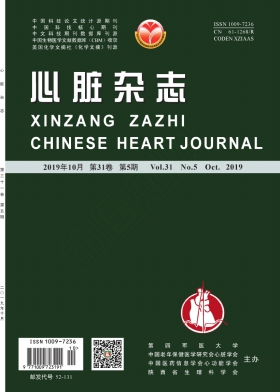 心脏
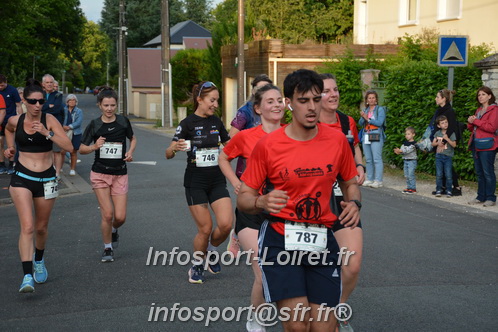 Foulees_Abraysiennes2025/FA2025_06679.JPG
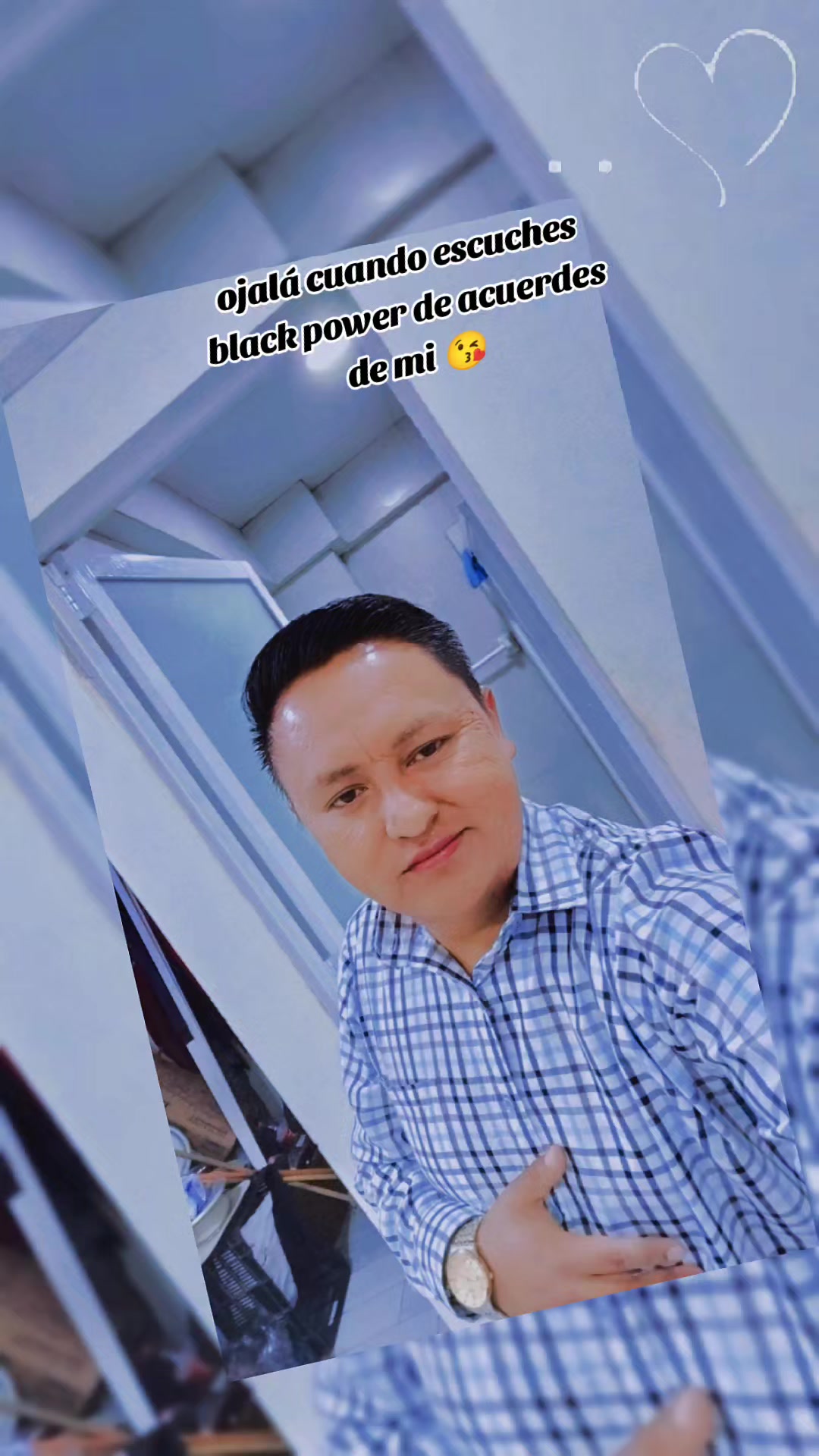 @villa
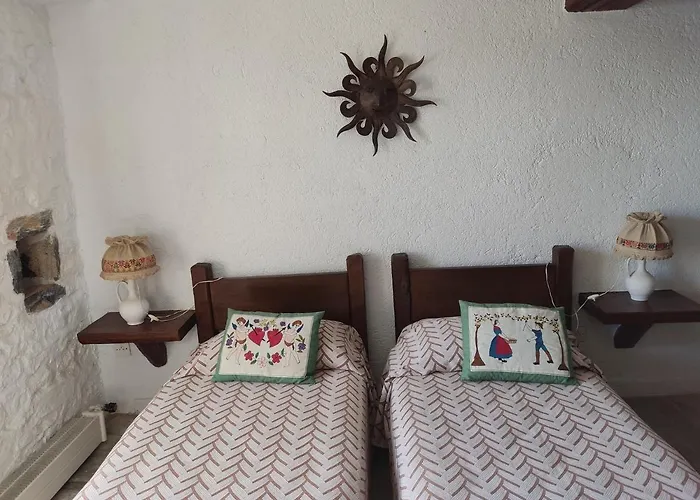 Lito's Dream By The Sea! Villa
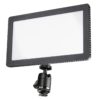 walimex pro Soft LED 200 Square BiColor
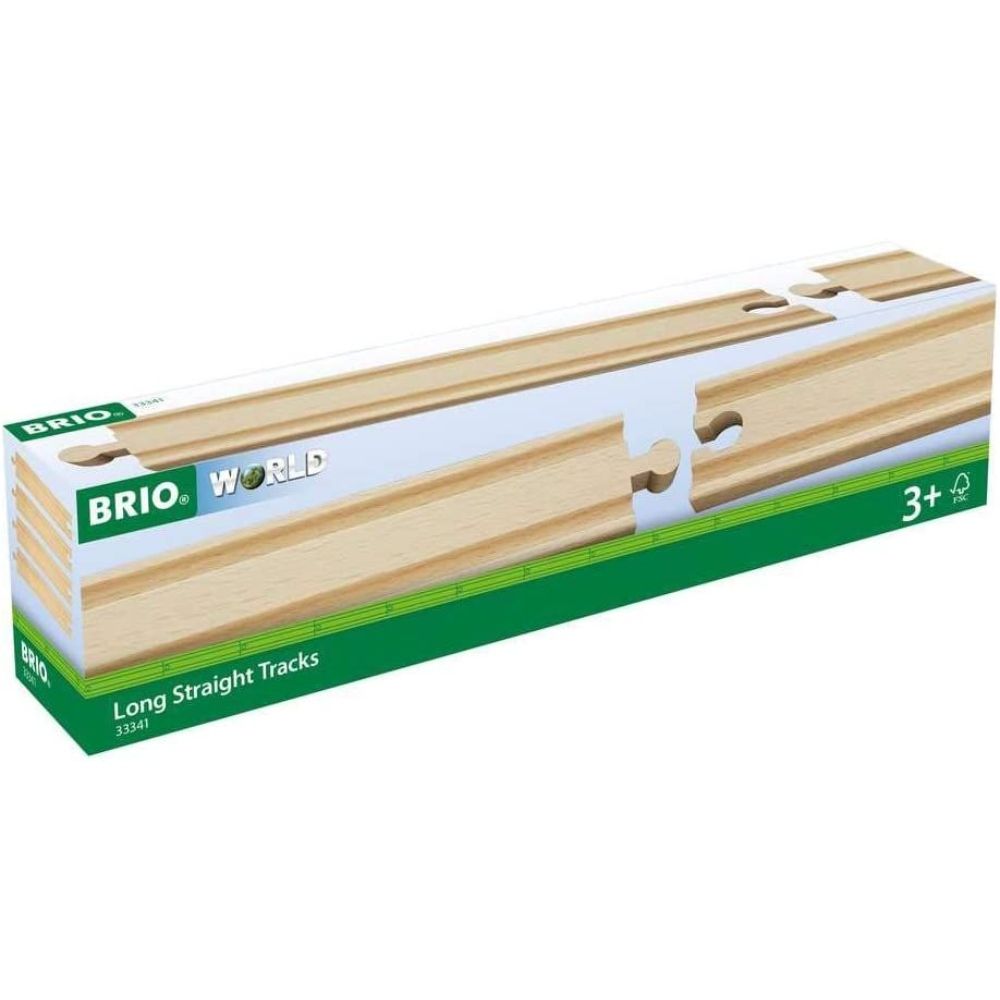brio track switch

#####

• **Task brief**: Each record should be given again exactly, with no picture carried over.

• **Output**:
 心脏
 Foulees_Abraysiennes2025/FA2025_06679.JPG
 @villa
 Lito's Dream By The Sea! Villa
 walimex pro Soft LED 200 Square BiColor
brio track switch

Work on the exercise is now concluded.